- Abbreviation: LA
- Spokesperson: Avdullah Hoti
- Founder: Democratic League of Kosovo The Alternative New Kosovo Alliance (withdrew)
- Founded: May 2017; 8 years ago
- Dissolved: 22 August 2019; 6 years ago
- Headquarters: Pristina, Kosovo

= LA Coalition =

The LA coalition (Koalicioni LA) was a political alliance in Kosovo, between the Democratic League of Kosovo and The Alternative which stood in the 2017 elections along with the New Kosovo Alliance, who left the coalition after the elections. It was founded originally as LAA coalition (Koalicioni LAA).

The Democratic League of Kosovo member Avdullah Hoti was the leader of the parliamentary group, and the coalition's candidate for prime minister. The coalition was in opposition and had a total of 27 seats.

== History ==

No single party or pre-election coalition would be able to govern alone in Kosovo, according to the results of the snap elections, held on 11 June 2017. The LAA Coalition came third in the elections behind the PAN Coalition and Vetëvendosje, winning 29 seats, with 32 more seats needed for a majority. Many meetings were held with Vetëvendosje officials to form a coalition so the 61 seats minimum for a majority could be met, but no agreement was ever made.

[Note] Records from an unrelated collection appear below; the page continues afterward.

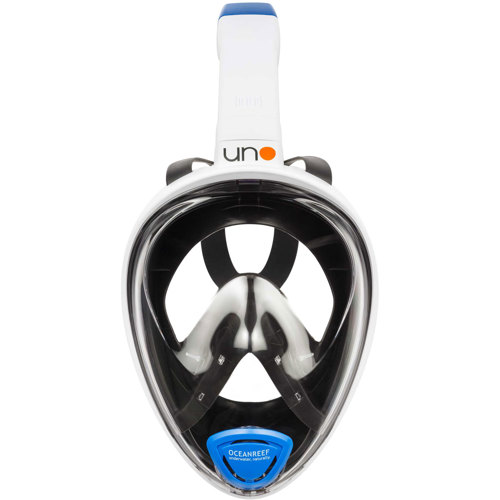 Ocean Reef UNO Full Face Snorkeling Mask, White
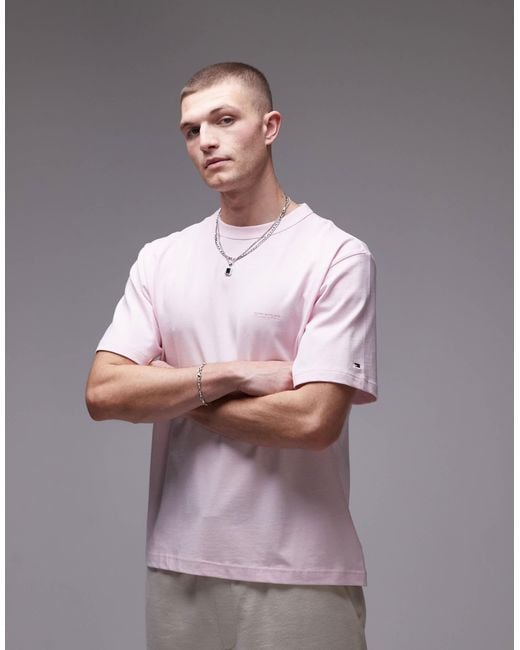 Tommy Hilfiger – t-shirt in Gray für Herren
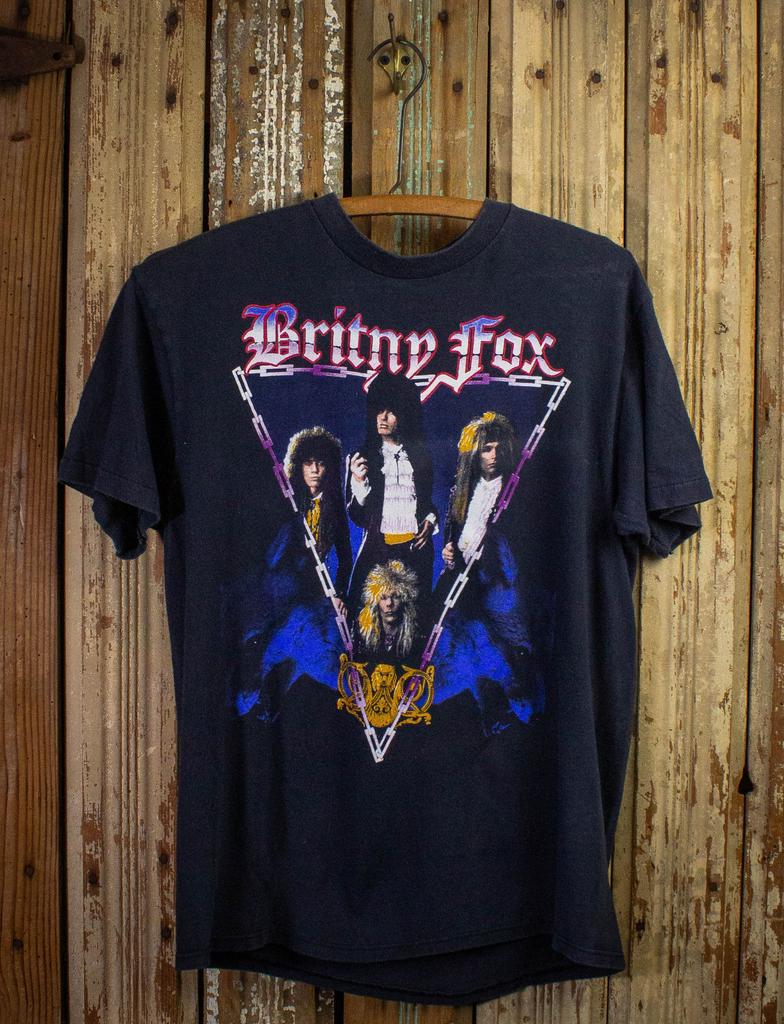 Hot Britny Fox Revolution Concert Size S234XL Black Color Tee Shirt NZ250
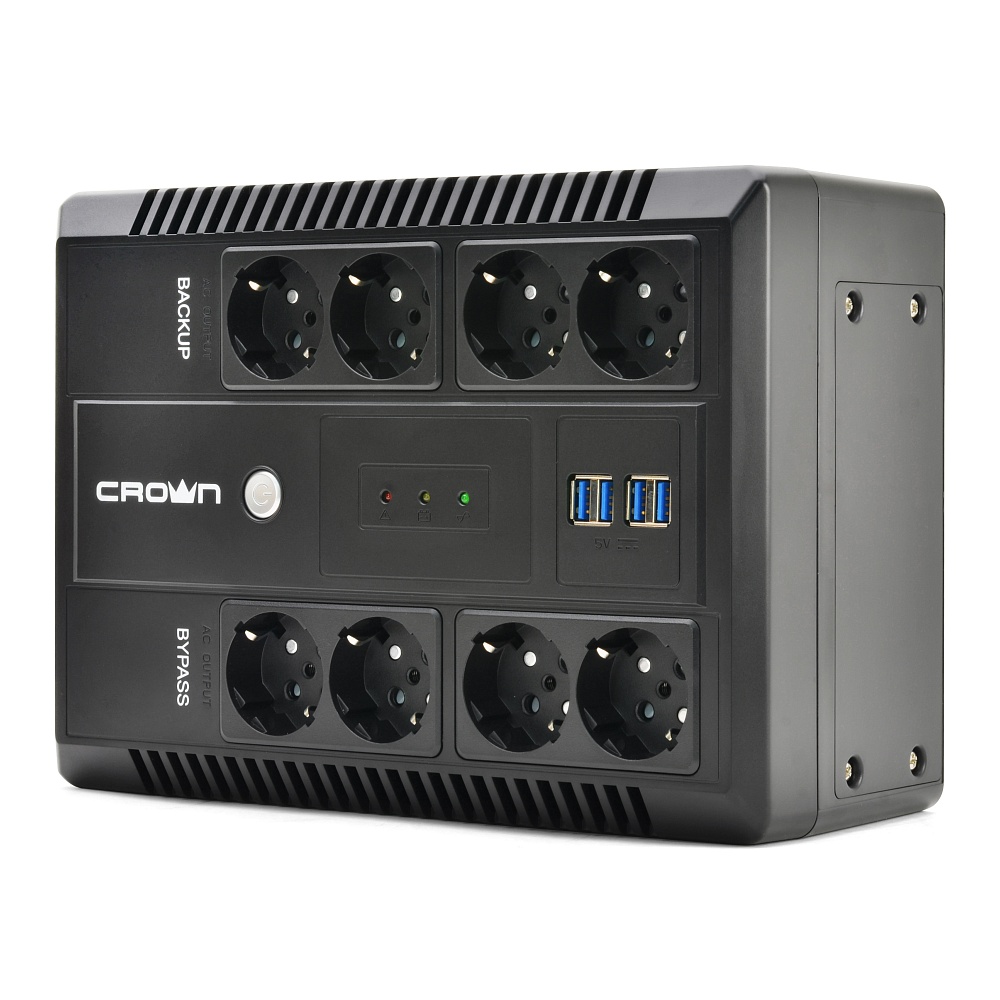 Источник бесперебойного питания 1000VA CrownMicro CMUS-295 EURO SMART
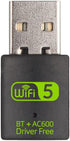 DIGISHUO Mini WiFi Dongle | USB Bluetooth WiFi receiver driver dual band network card, 600Mbps Dual Band 2.4 | 5Ghz Wireless Network External Rece...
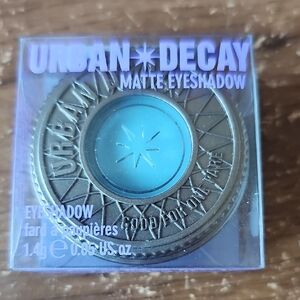 NIB Urban Decay Matte Eyeshadow in NARCOTIC - Vibrant Aqua - Discontinued RARE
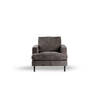 Giga Meubel - Fauteuil Stof Antraciet - Zithoogte 47cm - 89x94x83cm - Haga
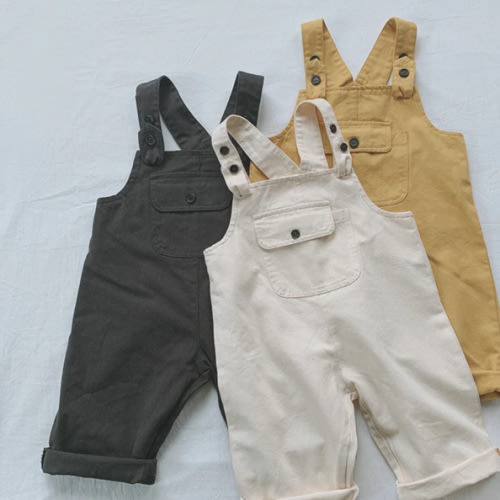 Boho Solid Denim Overalls – The Boho Bebe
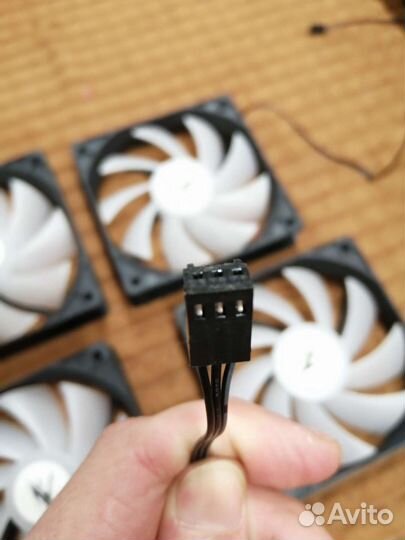 4 Вентилятора для корпуса RGB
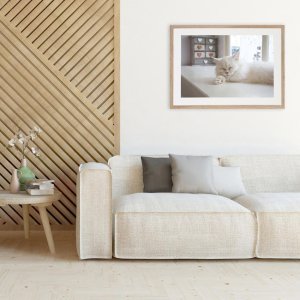 Rám na obraz moderní 50x70 cm tmavě hnědý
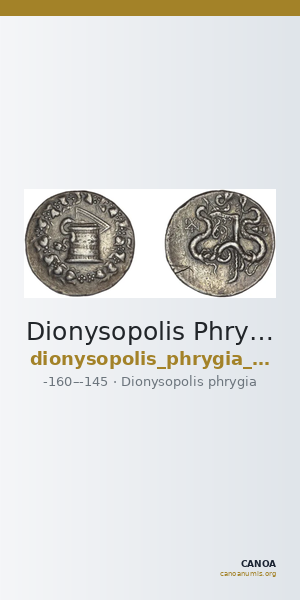 Dionysopolis Phrygiae Kleiner and Noe 1977 p.79, 5 — CANOA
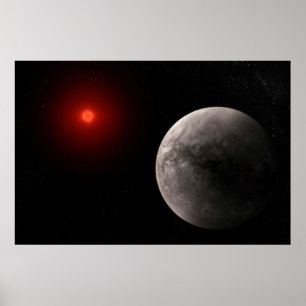 Der Hot Rocky Exoplanet Trappist-1 B. Poster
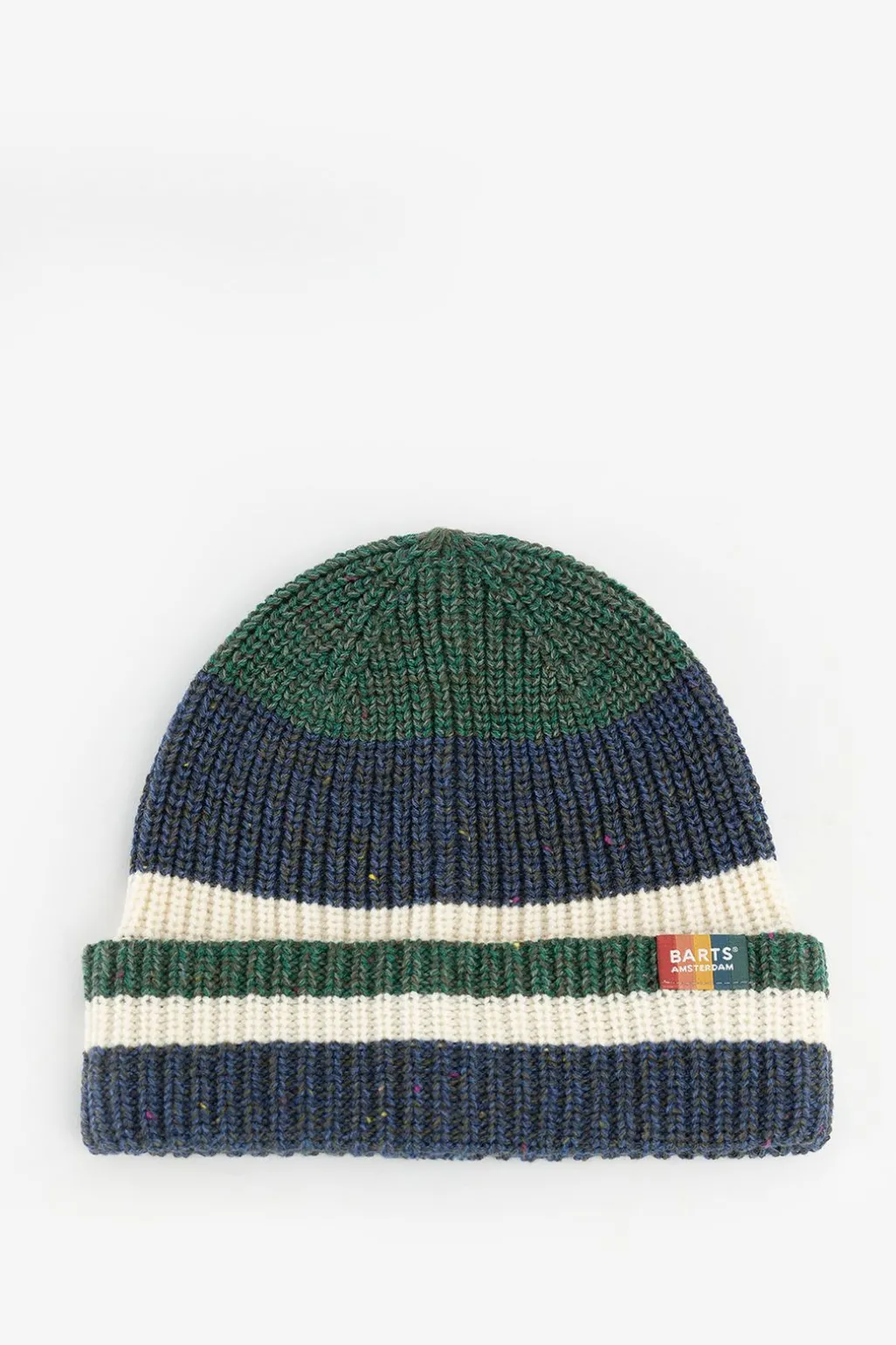 BARTS gekleurde beanie met strepen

On 4 September 2017, the New Kosovo Alliance leader Behgjet Pacolli informed the Democratic League of Kosovo leader Isa Mustafa that they were leaving the coalition. A few hours later the New Kosovo Alliance formed the government on 9 September 2017 with the PAN Coalition, which left the LA Coalition in opposition.

The coalition ended in August 2019, when the Kosovo assembly triggered early elections in a vote of no-confidence.